Dataset records:

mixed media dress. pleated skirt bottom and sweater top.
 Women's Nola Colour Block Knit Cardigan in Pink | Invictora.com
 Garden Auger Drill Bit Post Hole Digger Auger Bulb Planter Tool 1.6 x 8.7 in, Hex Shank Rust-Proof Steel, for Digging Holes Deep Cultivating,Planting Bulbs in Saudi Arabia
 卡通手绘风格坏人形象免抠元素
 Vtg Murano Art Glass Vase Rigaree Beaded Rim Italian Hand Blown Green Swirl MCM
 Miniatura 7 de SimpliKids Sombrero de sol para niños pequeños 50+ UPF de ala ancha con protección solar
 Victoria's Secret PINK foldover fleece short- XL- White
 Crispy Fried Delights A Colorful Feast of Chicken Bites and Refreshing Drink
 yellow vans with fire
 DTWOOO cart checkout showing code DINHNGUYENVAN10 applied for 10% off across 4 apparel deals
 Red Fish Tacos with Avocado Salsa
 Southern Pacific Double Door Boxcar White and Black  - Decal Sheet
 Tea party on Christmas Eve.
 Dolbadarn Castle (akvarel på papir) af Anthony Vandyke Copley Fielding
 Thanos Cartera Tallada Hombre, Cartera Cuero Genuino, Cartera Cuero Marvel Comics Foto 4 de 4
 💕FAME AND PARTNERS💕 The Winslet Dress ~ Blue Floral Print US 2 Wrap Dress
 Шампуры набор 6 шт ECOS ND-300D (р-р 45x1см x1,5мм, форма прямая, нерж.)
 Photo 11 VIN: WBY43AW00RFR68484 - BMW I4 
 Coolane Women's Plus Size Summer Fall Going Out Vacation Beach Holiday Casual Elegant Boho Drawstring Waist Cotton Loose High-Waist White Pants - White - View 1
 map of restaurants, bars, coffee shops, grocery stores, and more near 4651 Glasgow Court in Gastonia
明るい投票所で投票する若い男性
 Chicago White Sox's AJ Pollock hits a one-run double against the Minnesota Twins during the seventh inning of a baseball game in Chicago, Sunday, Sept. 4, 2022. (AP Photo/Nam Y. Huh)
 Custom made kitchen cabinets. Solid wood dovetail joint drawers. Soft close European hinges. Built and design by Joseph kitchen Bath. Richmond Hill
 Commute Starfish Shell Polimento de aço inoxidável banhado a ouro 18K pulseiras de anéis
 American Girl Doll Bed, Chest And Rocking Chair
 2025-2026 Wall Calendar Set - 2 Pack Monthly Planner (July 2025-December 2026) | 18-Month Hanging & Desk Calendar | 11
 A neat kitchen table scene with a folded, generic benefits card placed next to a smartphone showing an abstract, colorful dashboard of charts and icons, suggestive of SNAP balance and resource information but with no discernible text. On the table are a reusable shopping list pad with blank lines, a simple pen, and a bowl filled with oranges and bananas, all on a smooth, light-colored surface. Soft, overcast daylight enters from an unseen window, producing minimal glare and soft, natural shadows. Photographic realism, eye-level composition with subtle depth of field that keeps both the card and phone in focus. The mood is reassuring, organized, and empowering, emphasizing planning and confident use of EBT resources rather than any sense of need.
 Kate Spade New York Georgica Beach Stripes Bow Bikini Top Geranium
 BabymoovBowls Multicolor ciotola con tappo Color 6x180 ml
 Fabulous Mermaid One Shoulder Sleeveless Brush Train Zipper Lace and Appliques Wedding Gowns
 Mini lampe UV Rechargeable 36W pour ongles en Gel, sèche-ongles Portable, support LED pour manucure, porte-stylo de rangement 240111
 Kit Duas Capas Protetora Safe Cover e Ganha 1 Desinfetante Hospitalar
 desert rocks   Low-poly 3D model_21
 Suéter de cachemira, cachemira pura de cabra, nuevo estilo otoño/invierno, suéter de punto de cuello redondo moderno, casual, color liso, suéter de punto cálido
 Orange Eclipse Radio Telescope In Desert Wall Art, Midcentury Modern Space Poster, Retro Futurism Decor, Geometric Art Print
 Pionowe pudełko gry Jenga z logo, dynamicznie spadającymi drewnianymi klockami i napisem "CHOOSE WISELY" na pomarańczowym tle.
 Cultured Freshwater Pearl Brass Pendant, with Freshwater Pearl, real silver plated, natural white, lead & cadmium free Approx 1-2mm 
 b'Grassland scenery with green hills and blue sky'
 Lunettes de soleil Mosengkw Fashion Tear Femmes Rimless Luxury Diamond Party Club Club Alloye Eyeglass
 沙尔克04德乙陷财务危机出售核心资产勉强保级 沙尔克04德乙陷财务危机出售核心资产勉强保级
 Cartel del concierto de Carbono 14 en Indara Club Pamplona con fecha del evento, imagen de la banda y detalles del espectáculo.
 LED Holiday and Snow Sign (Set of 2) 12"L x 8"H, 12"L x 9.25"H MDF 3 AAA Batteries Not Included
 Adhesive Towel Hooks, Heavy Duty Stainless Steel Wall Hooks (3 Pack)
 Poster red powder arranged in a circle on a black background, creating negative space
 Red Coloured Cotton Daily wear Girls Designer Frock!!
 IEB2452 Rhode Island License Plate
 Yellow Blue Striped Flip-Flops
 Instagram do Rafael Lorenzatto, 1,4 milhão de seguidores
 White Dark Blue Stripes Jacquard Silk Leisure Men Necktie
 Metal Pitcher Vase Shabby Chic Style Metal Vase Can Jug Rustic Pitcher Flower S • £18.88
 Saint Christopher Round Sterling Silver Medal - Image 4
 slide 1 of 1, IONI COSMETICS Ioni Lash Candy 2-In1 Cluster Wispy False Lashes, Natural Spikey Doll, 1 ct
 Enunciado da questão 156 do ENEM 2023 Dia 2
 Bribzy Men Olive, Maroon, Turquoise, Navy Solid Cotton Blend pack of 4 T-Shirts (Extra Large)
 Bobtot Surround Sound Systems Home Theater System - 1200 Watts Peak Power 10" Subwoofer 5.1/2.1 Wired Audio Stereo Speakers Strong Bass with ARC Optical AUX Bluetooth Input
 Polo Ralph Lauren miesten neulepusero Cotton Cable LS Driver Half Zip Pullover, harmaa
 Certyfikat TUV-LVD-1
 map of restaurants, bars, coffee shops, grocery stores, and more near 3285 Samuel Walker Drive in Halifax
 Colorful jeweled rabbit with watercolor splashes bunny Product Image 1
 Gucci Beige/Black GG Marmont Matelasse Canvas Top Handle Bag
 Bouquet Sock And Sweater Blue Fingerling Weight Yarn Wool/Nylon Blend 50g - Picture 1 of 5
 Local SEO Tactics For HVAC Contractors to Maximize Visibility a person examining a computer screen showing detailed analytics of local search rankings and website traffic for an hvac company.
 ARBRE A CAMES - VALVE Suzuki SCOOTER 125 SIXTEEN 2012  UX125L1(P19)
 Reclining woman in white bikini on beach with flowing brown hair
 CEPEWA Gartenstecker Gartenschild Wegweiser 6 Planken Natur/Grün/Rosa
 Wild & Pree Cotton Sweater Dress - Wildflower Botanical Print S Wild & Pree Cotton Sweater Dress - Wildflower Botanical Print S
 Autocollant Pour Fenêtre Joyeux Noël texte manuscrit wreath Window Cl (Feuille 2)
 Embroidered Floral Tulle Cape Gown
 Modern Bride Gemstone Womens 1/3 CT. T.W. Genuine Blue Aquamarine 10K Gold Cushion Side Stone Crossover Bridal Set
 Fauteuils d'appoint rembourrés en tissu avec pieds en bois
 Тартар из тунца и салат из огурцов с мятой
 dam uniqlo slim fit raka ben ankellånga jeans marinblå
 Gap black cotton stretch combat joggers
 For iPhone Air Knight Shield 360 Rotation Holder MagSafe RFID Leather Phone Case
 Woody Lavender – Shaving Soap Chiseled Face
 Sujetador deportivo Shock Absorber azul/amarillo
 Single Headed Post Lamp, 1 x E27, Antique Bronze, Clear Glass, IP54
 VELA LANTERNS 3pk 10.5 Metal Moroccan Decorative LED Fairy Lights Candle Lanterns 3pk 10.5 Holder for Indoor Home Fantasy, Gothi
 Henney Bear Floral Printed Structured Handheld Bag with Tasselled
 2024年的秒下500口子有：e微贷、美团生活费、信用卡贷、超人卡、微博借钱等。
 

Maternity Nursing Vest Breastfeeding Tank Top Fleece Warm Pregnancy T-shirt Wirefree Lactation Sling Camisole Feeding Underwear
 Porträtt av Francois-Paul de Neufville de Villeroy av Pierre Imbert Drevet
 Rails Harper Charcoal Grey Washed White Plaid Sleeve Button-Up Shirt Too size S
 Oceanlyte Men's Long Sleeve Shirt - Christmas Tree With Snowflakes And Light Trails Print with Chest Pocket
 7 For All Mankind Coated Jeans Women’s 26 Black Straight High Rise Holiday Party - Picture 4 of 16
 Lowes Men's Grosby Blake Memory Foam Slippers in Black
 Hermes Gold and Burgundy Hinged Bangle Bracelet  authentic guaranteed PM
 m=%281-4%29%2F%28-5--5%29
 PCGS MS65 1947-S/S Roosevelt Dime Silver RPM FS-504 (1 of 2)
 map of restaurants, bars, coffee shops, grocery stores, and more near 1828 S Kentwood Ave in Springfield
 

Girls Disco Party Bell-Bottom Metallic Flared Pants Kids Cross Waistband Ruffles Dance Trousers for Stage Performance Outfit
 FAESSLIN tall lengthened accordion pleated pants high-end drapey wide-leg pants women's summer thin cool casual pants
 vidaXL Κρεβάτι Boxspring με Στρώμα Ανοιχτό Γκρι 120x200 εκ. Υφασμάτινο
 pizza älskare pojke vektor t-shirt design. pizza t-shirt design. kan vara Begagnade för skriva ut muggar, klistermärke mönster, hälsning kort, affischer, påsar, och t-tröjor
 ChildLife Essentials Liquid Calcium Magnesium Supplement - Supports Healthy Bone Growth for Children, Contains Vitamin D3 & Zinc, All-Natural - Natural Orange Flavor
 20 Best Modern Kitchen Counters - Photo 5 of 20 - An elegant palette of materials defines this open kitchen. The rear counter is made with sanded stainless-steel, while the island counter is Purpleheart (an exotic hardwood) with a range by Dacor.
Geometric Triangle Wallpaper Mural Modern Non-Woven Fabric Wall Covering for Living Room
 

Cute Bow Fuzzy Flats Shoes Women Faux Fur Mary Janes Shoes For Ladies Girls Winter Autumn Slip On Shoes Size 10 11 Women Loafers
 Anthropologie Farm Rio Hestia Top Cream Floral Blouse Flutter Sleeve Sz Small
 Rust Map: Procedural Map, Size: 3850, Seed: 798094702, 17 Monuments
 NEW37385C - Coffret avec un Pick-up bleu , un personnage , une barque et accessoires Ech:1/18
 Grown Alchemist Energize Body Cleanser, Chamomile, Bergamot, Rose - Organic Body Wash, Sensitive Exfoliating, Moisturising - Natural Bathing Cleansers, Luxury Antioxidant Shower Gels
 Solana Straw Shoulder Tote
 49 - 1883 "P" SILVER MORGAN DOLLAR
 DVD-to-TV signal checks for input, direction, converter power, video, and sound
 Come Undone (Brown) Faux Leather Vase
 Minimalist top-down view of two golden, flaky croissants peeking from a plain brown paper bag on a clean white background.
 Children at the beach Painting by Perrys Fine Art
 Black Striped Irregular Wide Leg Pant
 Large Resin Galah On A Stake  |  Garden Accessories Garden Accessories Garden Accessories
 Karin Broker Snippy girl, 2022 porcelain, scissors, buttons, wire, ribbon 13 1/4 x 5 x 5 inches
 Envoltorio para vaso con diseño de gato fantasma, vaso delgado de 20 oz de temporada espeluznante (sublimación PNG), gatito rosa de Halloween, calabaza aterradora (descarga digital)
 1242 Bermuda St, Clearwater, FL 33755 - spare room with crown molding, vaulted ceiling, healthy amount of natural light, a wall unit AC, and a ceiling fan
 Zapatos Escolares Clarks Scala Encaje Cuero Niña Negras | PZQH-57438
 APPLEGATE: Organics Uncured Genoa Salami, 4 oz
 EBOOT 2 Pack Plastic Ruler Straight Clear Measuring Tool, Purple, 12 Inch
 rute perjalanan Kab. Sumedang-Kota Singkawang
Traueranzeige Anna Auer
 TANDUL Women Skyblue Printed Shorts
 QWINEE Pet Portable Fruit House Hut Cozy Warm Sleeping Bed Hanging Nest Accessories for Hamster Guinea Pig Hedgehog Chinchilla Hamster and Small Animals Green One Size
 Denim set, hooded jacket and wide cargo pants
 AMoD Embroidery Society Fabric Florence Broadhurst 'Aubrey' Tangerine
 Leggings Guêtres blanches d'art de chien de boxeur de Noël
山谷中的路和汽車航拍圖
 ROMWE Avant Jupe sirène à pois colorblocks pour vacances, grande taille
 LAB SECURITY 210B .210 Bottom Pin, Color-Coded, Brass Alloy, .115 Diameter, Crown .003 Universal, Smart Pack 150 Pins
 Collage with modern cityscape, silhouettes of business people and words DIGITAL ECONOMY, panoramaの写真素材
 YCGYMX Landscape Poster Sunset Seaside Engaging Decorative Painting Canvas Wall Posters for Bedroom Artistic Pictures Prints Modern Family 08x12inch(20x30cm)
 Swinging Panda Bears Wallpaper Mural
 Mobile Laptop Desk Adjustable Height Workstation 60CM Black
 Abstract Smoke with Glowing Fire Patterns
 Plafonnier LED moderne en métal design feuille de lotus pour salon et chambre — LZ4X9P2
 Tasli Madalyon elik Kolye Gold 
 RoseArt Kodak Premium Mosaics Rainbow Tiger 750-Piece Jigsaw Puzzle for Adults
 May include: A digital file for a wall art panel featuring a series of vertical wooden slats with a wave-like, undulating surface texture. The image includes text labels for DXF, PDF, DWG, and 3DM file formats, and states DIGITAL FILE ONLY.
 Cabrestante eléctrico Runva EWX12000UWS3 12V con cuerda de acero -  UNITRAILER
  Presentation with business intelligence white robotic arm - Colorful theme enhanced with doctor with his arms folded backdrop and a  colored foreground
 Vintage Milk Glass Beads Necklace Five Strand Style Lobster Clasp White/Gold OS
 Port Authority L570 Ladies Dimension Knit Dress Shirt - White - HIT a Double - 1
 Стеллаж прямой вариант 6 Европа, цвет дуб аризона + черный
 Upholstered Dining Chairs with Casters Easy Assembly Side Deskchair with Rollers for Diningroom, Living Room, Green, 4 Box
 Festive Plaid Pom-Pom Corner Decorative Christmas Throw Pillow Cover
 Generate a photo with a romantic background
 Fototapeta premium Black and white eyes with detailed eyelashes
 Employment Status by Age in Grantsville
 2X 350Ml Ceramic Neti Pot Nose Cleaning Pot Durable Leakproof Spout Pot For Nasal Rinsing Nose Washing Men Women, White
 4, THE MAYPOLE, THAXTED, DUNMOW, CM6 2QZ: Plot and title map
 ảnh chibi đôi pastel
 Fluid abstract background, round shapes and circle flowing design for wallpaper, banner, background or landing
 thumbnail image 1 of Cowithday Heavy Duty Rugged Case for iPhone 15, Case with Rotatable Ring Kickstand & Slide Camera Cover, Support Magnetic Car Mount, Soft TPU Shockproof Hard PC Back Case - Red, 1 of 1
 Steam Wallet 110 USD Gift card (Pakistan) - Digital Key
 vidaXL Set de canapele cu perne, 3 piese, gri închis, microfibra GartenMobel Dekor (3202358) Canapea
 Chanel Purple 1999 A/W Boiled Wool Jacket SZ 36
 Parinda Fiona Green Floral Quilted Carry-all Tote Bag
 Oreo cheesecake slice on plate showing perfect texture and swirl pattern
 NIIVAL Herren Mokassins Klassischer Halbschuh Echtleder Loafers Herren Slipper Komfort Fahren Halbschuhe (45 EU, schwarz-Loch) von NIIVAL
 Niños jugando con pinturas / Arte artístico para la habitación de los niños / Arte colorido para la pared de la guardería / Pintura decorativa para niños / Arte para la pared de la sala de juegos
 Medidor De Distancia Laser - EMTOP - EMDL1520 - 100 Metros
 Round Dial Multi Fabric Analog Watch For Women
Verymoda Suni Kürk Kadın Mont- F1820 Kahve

> [What needs to be done]
In the entries above, the lines between the one holding "Plafonnier LED moderne" and the one holding "Parinda Fiona Green", inclusive, are to be printed exactly as written, and those alone.

> [Exercise response]
 Plafonnier LED moderne en métal design feuille de lotus pour salon et chambre — LZ4X9P2
 Tasli Madalyon elik Kolye Gold 
 RoseArt Kodak Premium Mosaics Rainbow Tiger 750-Piece Jigsaw Puzzle for Adults
 May include: A digital file for a wall art panel featuring a series of vertical wooden slats with a wave-like, undulating surface texture. The image includes text labels for DXF, PDF, DWG, and 3DM file formats, and states DIGITAL FILE ONLY.
 Cabrestante eléctrico Runva EWX12000UWS3 12V con cuerda de acero -  UNITRAILER
  Presentation with business intelligence white robotic arm - Colorful theme enhanced with doctor with his arms folded backdrop and a  colored foreground
 Vintage Milk Glass Beads Necklace Five Strand Style Lobster Clasp White/Gold OS
 Port Authority L570 Ladies Dimension Knit Dress Shirt - White - HIT a Double - 1
 Стеллаж прямой вариант 6 Европа, цвет дуб аризона + черный
 Upholstered Dining Chairs with Casters Easy Assembly Side Deskchair with Rollers for Diningroom, Living Room, Green, 4 Box
 Festive Plaid Pom-Pom Corner Decorative Christmas Throw Pillow Cover
 Generate a photo with a romantic background
 Fototapeta premium Black and white eyes with detailed eyelashes
 Employment Status by Age in Grantsville
 2X 350Ml Ceramic Neti Pot Nose Cleaning Pot Durable Leakproof Spout Pot For Nasal Rinsing Nose Washing Men Women, White
 4, THE MAYPOLE, THAXTED, DUNMOW, CM6 2QZ: Plot and title map
 ảnh chibi đôi pastel
 Fluid abstract background, round shapes and circle flowing design for wallpaper, banner, background or landing
 thumbnail image 1 of Cowithday Heavy Duty Rugged Case for iPhone 15, Case with Rotatable Ring Kickstand & Slide Camera Cover, Support Magnetic Car Mount, Soft TPU Shockproof Hard PC Back Case - Red, 1 of 1
 Steam Wallet 110 USD Gift card (Pakistan) - Digital Key
 vidaXL Set de canapele cu perne, 3 piese, gri închis, microfibra GartenMobel Dekor (3202358) Canapea
 Chanel Purple 1999 A/W Boiled Wool Jacket SZ 36
 Parinda Fiona Green Floral Quilted Carry-all Tote Bag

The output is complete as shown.